10. Why This Structure Is Useful
The strongest idea in the notebook is not any single threshold. It is the separation of responsibilities:
| Responsibility | Implementation Pattern |
|---|---|
| preserve known public strength | keep EoS9 as the anchor |
| add biological prior | taxonomy smoothing after direct blend |
| test new models safely | sidecars as masked corrections, not global blends |
| avoid over-moving ranks | D budgets and top-k overlap checks |
| use offline evidence | class-wise OOF gate weights |
| protect submission format | final writer with schema and range checks |
This structure also makes experiments interpretable. If the PCEN sidecar improves score, the improvement is not mixed with a changed anchor.
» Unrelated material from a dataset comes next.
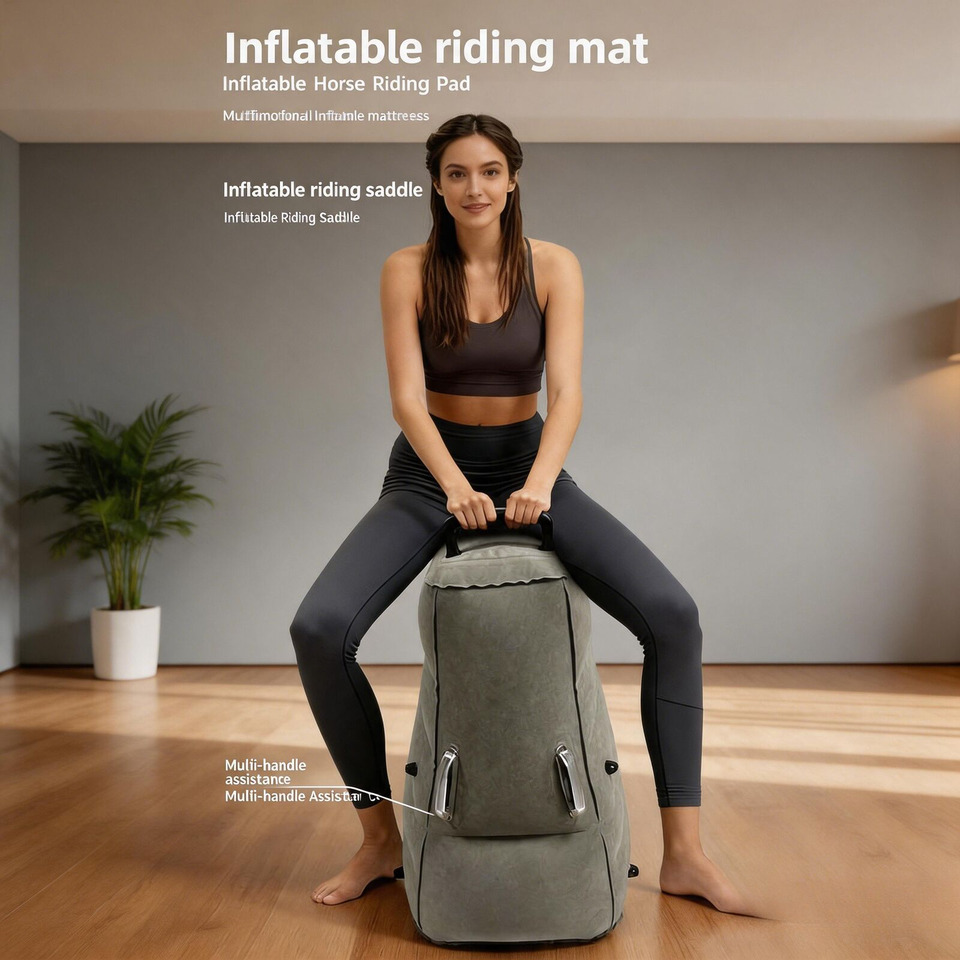 Colchón Inflable para Montar a - Outdoor Furniture Cushions reseña y precio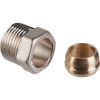 Raccord bicône - M 1/2" - Tube Ø 14 mm - Danfoss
If it hurts, the diagnostics can show whether the harm came from too many active cells, too much rank movement, weak OOF gates, or bad row alignment.
The notebook therefore functions less as a single model recipe and more as a small experiment framework:
1
2
3
4
fixed anchor
+ controlled taxonomy prior
+ optional class-gated sidecar movement
+ strict final validation
11. References
| Reference | Used In This Notebook As |
|---|---|
| F.A.Nina, birdclef-2026-eos-9 | primary EoS9 anchor structure |
| Karnakbayev Artur, power-optimization | PowerOptimization branch and validation style |
| yukiZ, Perch + ProtoSSM + ResSSM | low-weight pretrained diversity branch |
| Tucker Arrants, BC2026 Distilled SED | distilled SED ONNX branch |
custom exp002 / exp002b assets | optional PCEN/log-mel ConvNeXt sidecars |
12. What This Notebook Establishes
This notebook establishes a disciplined way to extend a strong public BirdCLEF anchor:
- Build the submission around a known strong EoS9-style control path.
- Apply taxonomy smoothing as a small, interpretable biological prior.
- Treat side models as local rank corrections, not unconditional ensemble members.
- Use OOF gates so sidecars move only classes where offline evidence supports them.
- Enforce row, column, finite-value, range, and duplicate checks at the final writer.
The result is a submission architecture that is flexible but controlled. It can attach PCEN/ConvNeXt and BirdNET side evidence, while still requiring every sidecar movement to pass a mask, a class gate, and a perturbation budget.
That is the central lesson:
In a high-dimensional multilabel audio competition, the safest way to add a new model is not to blend it everywhere. It is to let it move only where it has earned trust.